= COLLECTED DATA =
• • •
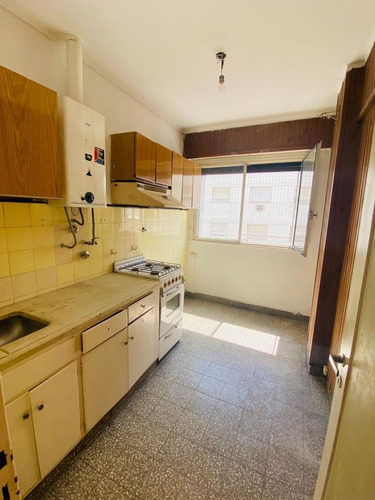 Imagen 3 de 13 de Venta 2 Ambientes En Belgrano A Modernizar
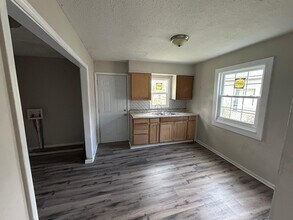 2950 N Colorado Ave in Indianapolis, IN - Foto de edificio - Building Photo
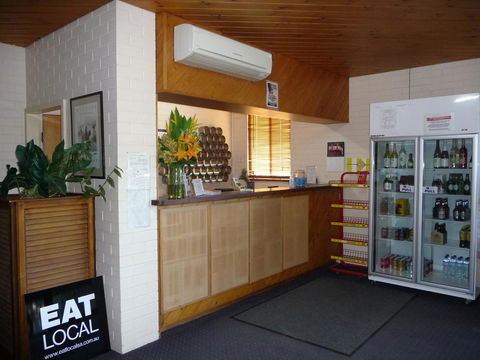 The Wine Vine Hotel - Accommodation Daintree 10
• • •
= WHAT TO WORK ON =
Please produce an exact copy of the listing, omitting the pictures.

= RESULT FOR THIS EXERCISE =
 Imagen 3 de 13 de Venta 2 Ambientes En Belgrano A Modernizar
 2950 N Colorado Ave in Indianapolis, IN - Foto de edificio - Building Photo
 The Wine Vine Hotel - Accommodation Daintree 10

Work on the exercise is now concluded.